O Governo alterou o quadro legal do mercado elétrico para integrar os Contratos por Diferença Bidirecionais, um mecanismo que pretende dar maior estabilidade aos preços da eletricidade e apoiar novos investimentos em energia renovável.
De acordo com o comunicado de imprensa, os Contratos por Diferença Bidirecionais, também designados 2w-CfDs, funcionam através de um valor de referência. Quando os preços de mercado sobem acima desse valor, a diferença reverte a favor do sistema elétrico e dos consumidores. Quando os preços descem, o investimento fica protegido.

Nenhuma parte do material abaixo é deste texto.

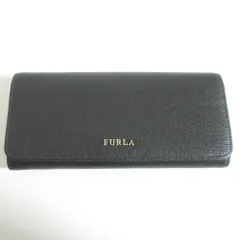 美品 FURLA フルラ レザー ロングウォレット 長財布 ブラック レディース 古着 中古 USED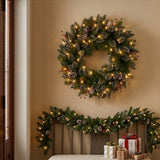 Pre-Lit 24 in. Glittery Mountain Spruce Christmas Wreath with Warm White LED Lights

Segundo a informação divulgada pelo Governo, este mecanismo pretende funcionar como um “seguro de preço” para consumidores, empresas e investidores, contribuindo para reduzir a exposição a oscilações do mercado elétrico.

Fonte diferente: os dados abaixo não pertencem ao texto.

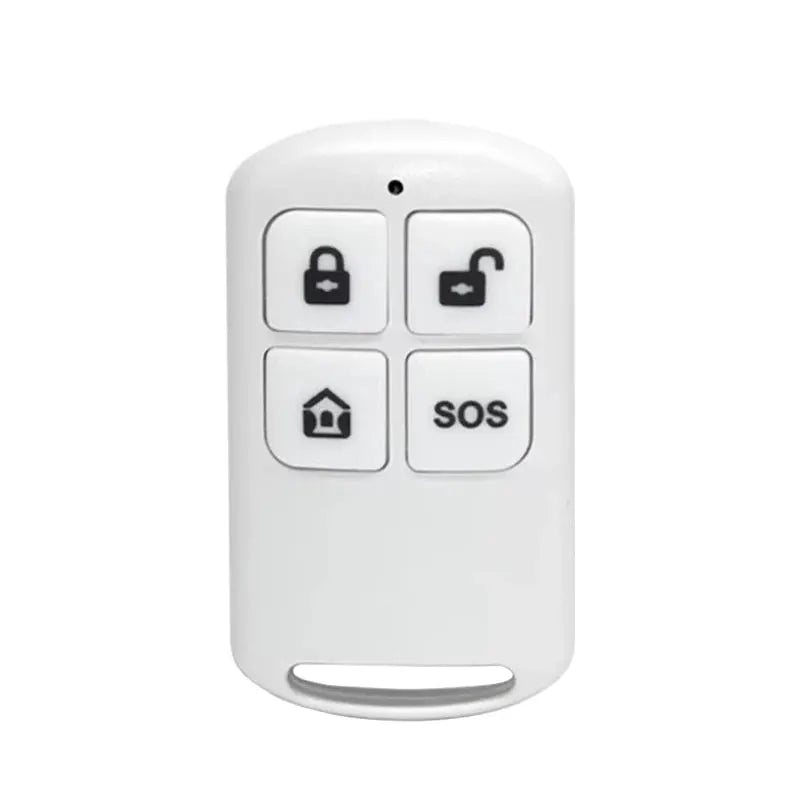 PGST white wireless alarm remote key fob with lock, unlock, home, and SOS buttons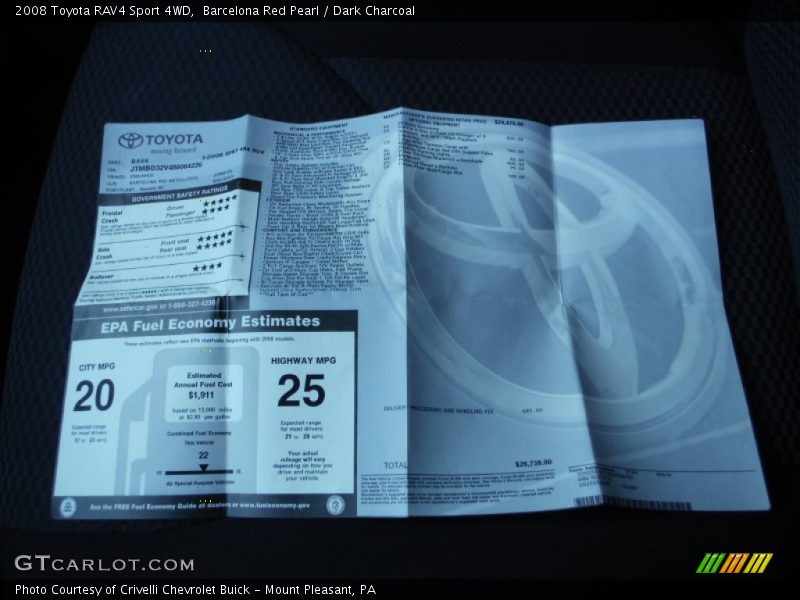 Barcelona Red Pearl / Dark Charcoal 2008 Toyota RAV4 Sport 4WD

O Governo está a preparar, em articulação com a Entidade Reguladora dos Serviços Energéticos (ERSE), a aplicação destes mecanismos de contratação de médio e longo prazo. A primeira prioridade será o reequipamento, ou repowering, dos parques eólicos existentes.
A opção pelo repowering decorre do facto de Portugal ter sido pioneiro na energia eólica, o que faz com que uma parte significativa dos parques nacionais esteja a aproximar-se do fim da vida útil dos equipamentos. A substituição das turbinas atuais por tecnologia mais moderna deverá permitir aumentar a produção e a eficiência nos mesmos locais, aproveitando o recurso eólico já identificado e as ligações à rede existentes.
De acordo com o Governo, esta estratégia permite aumentar a produção renovável sem novos impactos no território associados à instalação de parques em novas localizações.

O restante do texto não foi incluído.